The chart on the right takes two important things into account: report-card rank league-wide (RK), broken out at the bottom of this page, and the team’s average first pick in the past four drafts (ADR). A team such as Tampa Bay, which has had just the 24th-highest average first pick since 2015 (33rd, 27th, 14th, 59th) isn’t likely to have a lot of A-list prospects. But the Lightning have clearly drafted well in later rounds and have the eighth-highest report-card grade. That gives Tampa a plus-16 rating, best in class.
So don’t beat up teams like Nashville and Washington if their prospect lists aren’t super deep and their report-card grades get them grounded at home.
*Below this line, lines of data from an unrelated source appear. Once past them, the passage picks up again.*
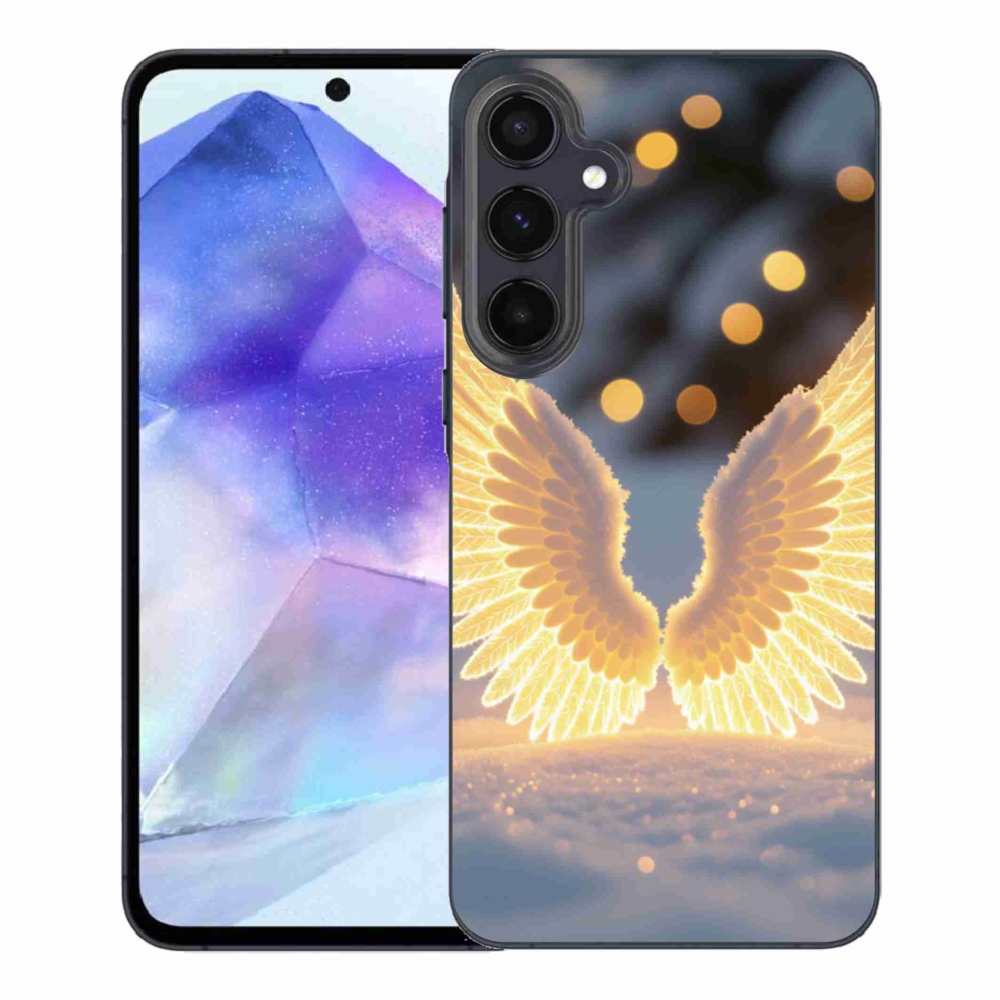 Gélový kryt mmCase na Samsung Galaxy A55 5G - krídla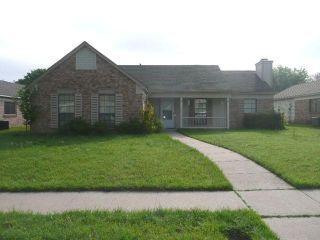 Foreclosed Home - 2518 MEADOW LN, 75040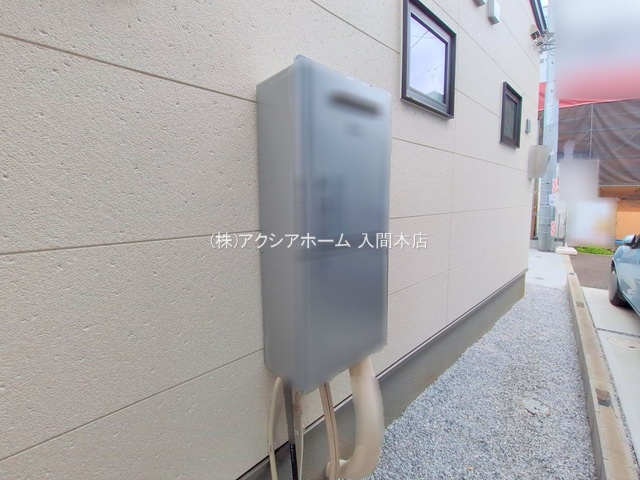 入間市高倉2丁目・全1棟　新築一戸建　～開放的な平屋設計～　の設備|現地写真（2025年5月22日撮影）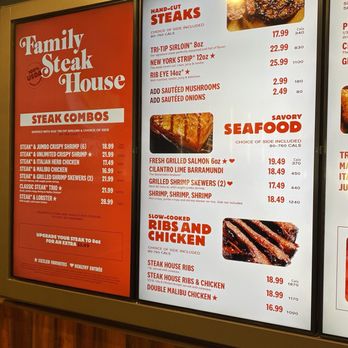 Sizzler - Menu as of June 2024 - Seafood Near Me - Corona, California Sizzler - Menu as of June 2024 - Seafood Near Me - Corona, California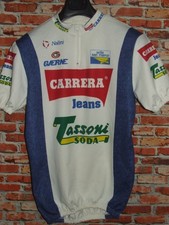 CARRERA TASSONI MAGLIA BICI CICLISMO SHIRT MAILLOT CYCLISM tg. XXL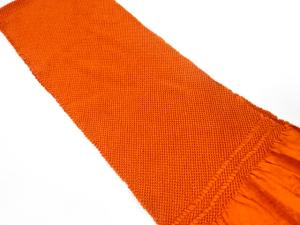 正絹　振袖用　絞り　帯揚げ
They’re actually doing as well, or better, than you’d expect with such a dearth of high draft picks.
This levelling system also takes a bit of shine off teams with high grades. Buffalo and New Jersey, for example, have collections of prospects and 21-and-under NHLers that rank in our top 10. But they’ve also drafted the earliest and third-earliest, respectively, since 2015. They should have deepest crops of blue-chippers. Teams with a zero plus-minus find themselves exactly where their draft order would suggest.
Finally, it’s important to note teams that trade homegrown prospects are artificially hurt by this handicapping system.